**Your assignment:**
What is needed is a word-for-word copy of the lines below from the one with "SHEPP, ARCHIE - THE" through the one with "Βόννη-ΠΑΟΚ 83-85: Μεγάλο", both included, with every picture left out.

**Supplied records:**
▽
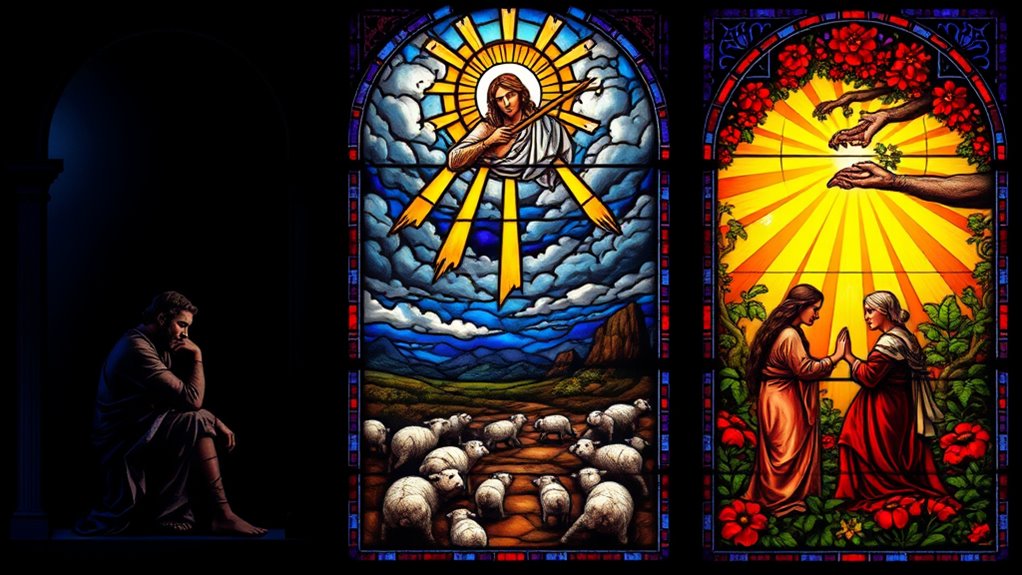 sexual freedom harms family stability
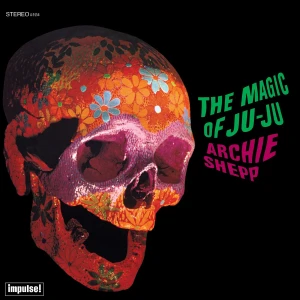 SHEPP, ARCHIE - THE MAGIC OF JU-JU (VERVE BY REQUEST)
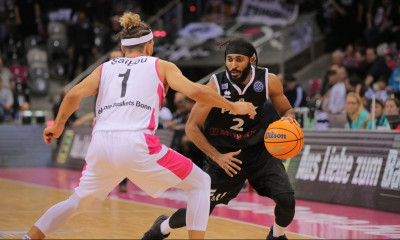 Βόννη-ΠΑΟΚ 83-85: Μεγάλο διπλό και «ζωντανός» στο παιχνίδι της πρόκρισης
△
▽
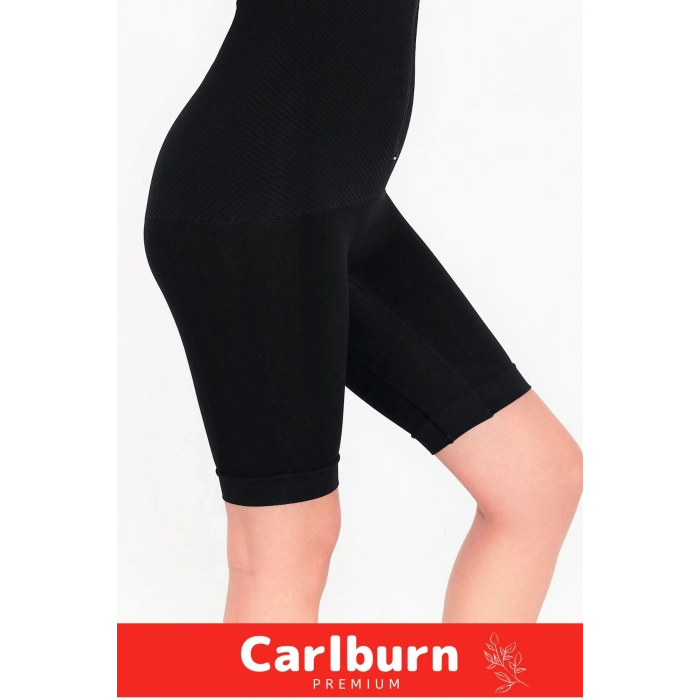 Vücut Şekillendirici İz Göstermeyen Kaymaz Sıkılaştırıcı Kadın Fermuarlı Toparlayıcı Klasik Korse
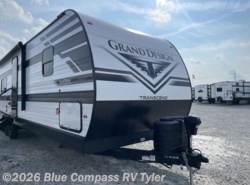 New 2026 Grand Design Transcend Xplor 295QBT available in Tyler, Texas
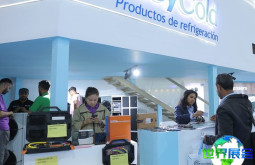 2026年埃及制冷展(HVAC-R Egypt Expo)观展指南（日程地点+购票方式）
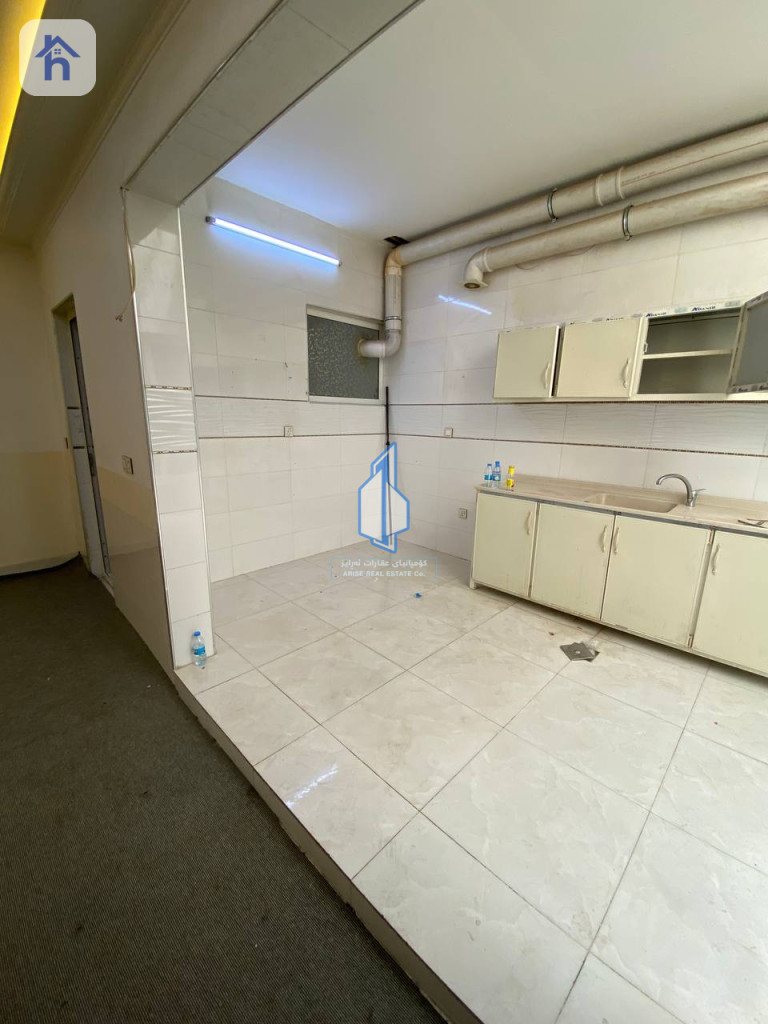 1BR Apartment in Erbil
△
**Worked solution:**
 SHEPP, ARCHIE - THE MAGIC OF JU-JU (VERVE BY REQUEST)
 Βόννη-ΠΑΟΚ 83-85: Μεγάλο διπλό και «ζωντανός» στο παιχνίδι της πρόκρισης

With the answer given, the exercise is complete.